Le route est longue. Je pousse un peu le moteur pour doubler sur une ligne blanche. Rien à craindre des flics ici. La descente le long de cette colline boisée se fait rapidement. La route tourne beaucoup et les voitures se font plus rares, tout le monde n'allant pas à l'hôpital un mardi soir. Heureusement. On aperçoit les bâtiments de l'immense complexe hostpitalier. Au milieu des arbres. Je pense à la clinique de la forêt Noire mais c'est pas ça. Il faut s'arrêter au contrôle des voitures. Deux agents de sécurité jettent un coup d'oeil par la fenêtre. Pratique pour les urgences. Il faut s'arrêter ensuite prendre un ticket pour le parking. Là, j'en crois pas mes yeux. Il faut un ticket de parking pour rentrer en voiture à l'hôpital. En plus, quand on connait la faible qualité des transports publics israéliens, c'est vraiment se foutre de la gueule du monde.

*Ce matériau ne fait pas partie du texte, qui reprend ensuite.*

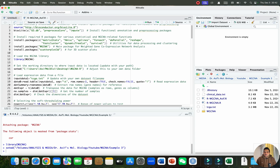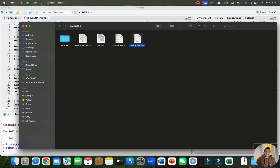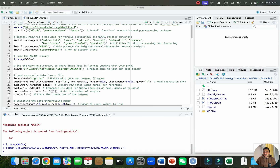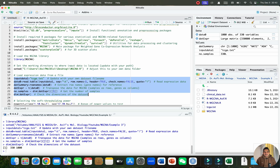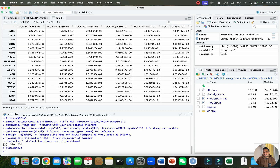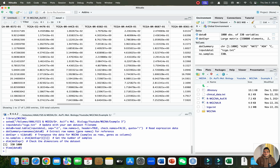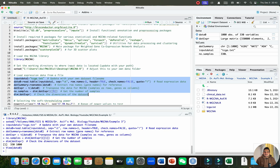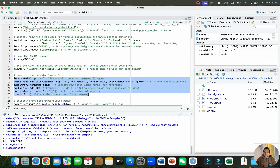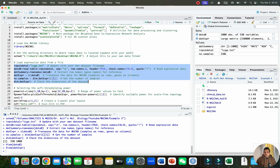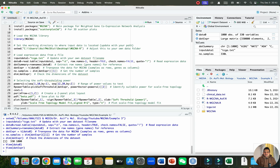Now let's formally begin by loading the expression data. Our input file is named the TCGA text file. After running this code, we have two datasets: one contains the gene list with sample or treatment names saved as data zero, and the other is the data expression matrix — the large matrix. We have removed the sample names for WGCNA purposes.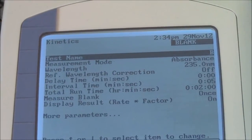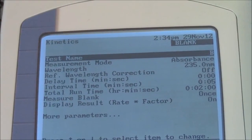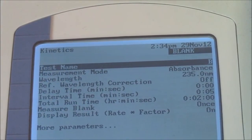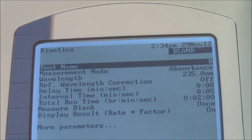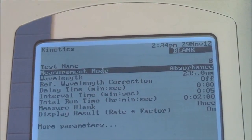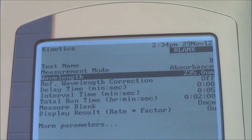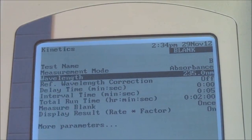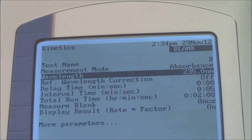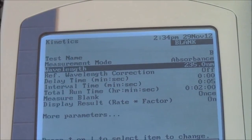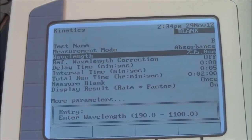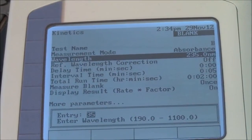Now there are many choices. Many of them you just leave the same. You could name your test. Absorbance is the correct measurement mode. For the enzyme assay, this needs to be 235 nanometers. You just type in a number. So if I wanted to change the wavelength, I'd type in a number — 350.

J'ai mon ticket. On descend pour trouver une place. La route tourne toujours. Aucun espace de parking, les gens se garent n'importent où. Ca sert bien de payer un droit d'entrée. Et là, apparait un gigantesque bâtiment, un immeuble bariolé de panneaux publicitaires et d'enseignes clignonantes... et là, apparait le mall de l'hôpital ! Il y a un centre commercial à l'hôpital Ein Karem. On trouve une place à l'entrée d'un parking souterrain avec une autre barrière à ticket. On sort et nous engouffrons dans le parking. Ascenseur neuf. Ca monte. Contrôle de sécurité, portique détecteur de métaux. On rentre dans le mall. Il faut passer par le mall pour arriver à l'entrée de l'hôpital ! C'est bien la première fois que je vois ça. Un café Aroma, sorte d'équivalent israélien de Starbucks, un Castro, sorte d'équivalent israélien de Zara, des magasins de sport, un photographe. Enfin, j'aperçois l'entrée de l'E.R., les urgences. Du monde s'affaire autour d'une ambulance. Des gens fument à l'extérieur des grandes portes de verre. Nouveau contrôle, nouveaux portiques métallique. Devant nous, trois vieilles Palestiniennes en robe brodées. Elles montrent leurs ID israéliennes de résidentes de Jérusalem. Elles prennent l'ascenseur avec nous mais s'arrêtent au cinquième.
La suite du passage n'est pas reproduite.